■ DATA PROVIDED
────────────────────

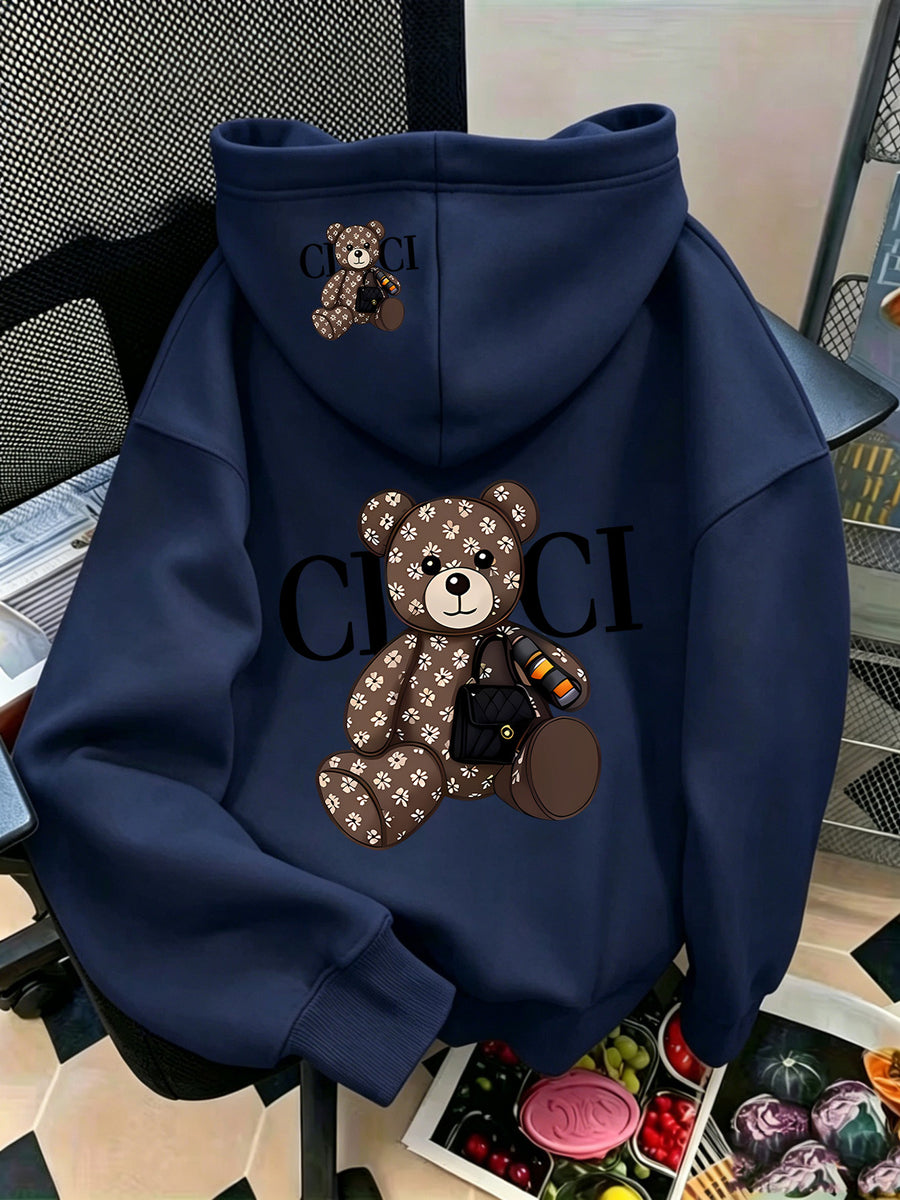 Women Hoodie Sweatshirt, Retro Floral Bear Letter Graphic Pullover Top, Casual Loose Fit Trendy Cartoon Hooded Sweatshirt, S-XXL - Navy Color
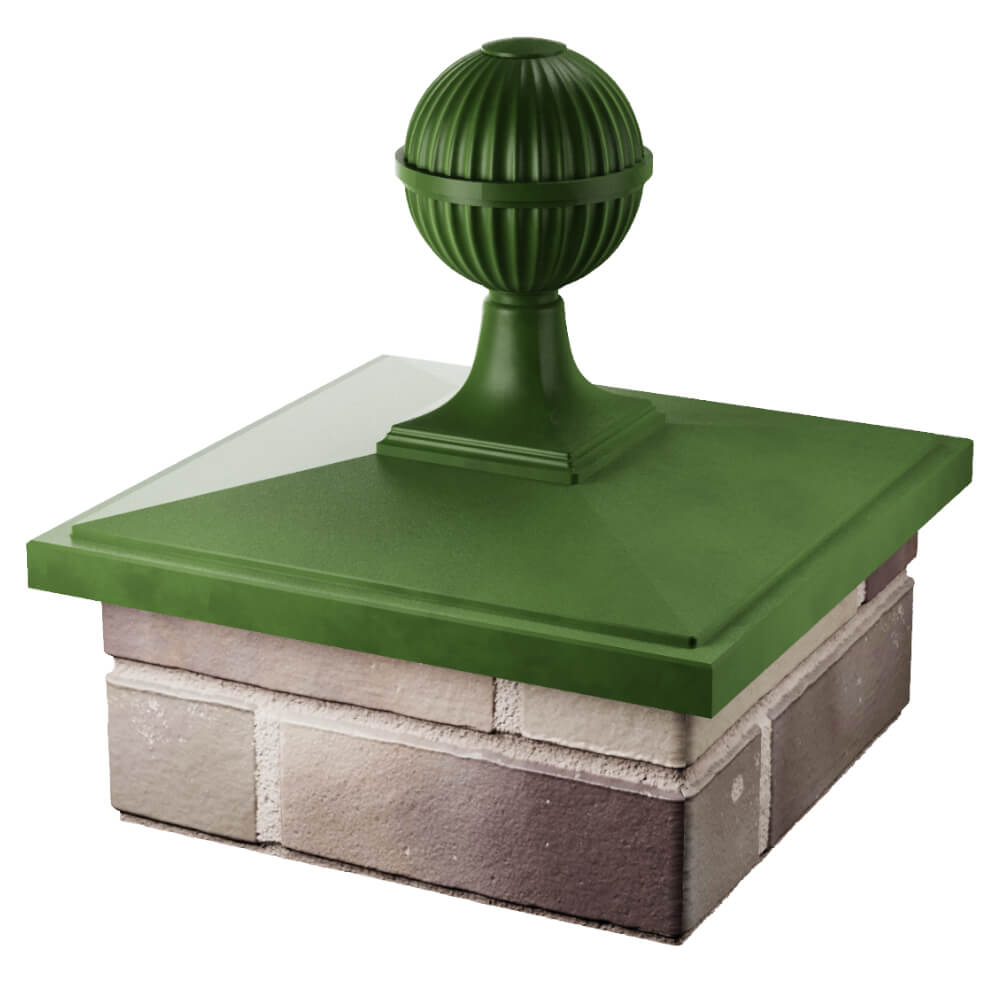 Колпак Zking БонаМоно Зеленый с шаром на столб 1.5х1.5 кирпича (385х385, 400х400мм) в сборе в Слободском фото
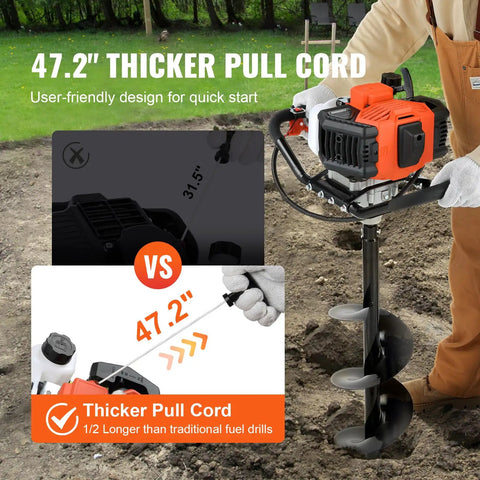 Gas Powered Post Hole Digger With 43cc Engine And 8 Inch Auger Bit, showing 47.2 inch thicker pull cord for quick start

────────────────────

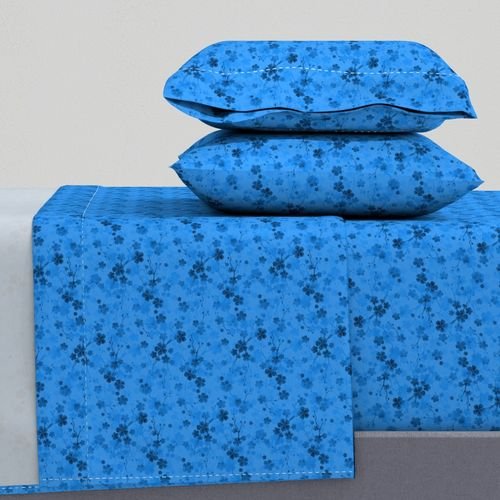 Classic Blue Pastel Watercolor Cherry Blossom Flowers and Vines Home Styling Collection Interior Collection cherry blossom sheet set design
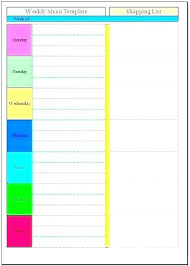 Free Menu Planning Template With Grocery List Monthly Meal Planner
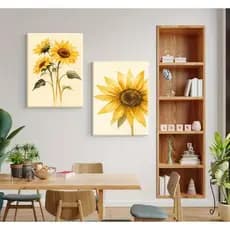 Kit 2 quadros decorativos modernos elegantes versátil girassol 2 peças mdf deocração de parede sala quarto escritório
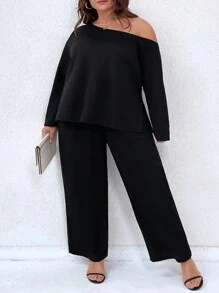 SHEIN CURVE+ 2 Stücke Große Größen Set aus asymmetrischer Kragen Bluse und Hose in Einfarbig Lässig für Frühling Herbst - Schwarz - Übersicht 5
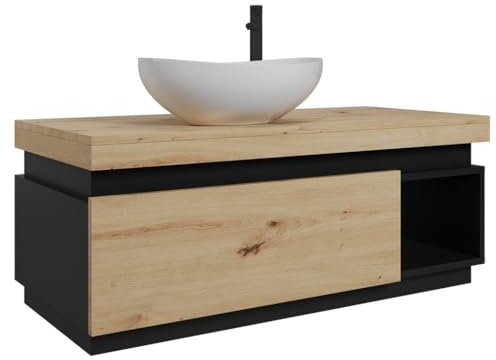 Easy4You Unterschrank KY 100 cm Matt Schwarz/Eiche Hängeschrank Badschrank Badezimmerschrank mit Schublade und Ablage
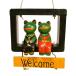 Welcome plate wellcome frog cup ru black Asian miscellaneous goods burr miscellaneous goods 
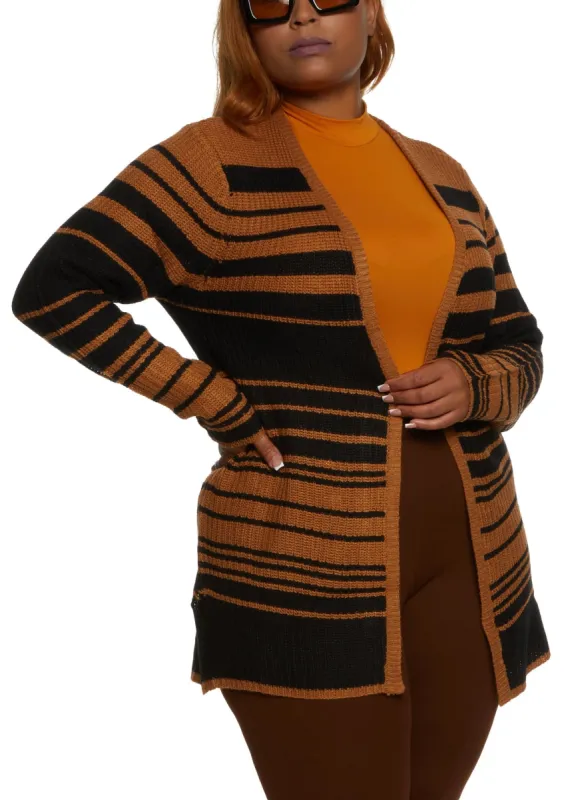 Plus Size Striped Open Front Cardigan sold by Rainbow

────────────────────

■ TASK STATEMENT
Return the material from the line containing "Easy4You Unterschrank KY" through the line containing "Plus Size Striped", exactly and in full, but without its pictures.

■ TASK ANSWER
 Easy4You Unterschrank KY 100 cm Matt Schwarz/Eiche Hängeschrank Badschrank Badezimmerschrank mit Schublade und Ablage
 Welcome plate wellcome frog cup ru black Asian miscellaneous goods burr miscellaneous goods 
 Plus Size Striped Open Front Cardigan sold by Rainbow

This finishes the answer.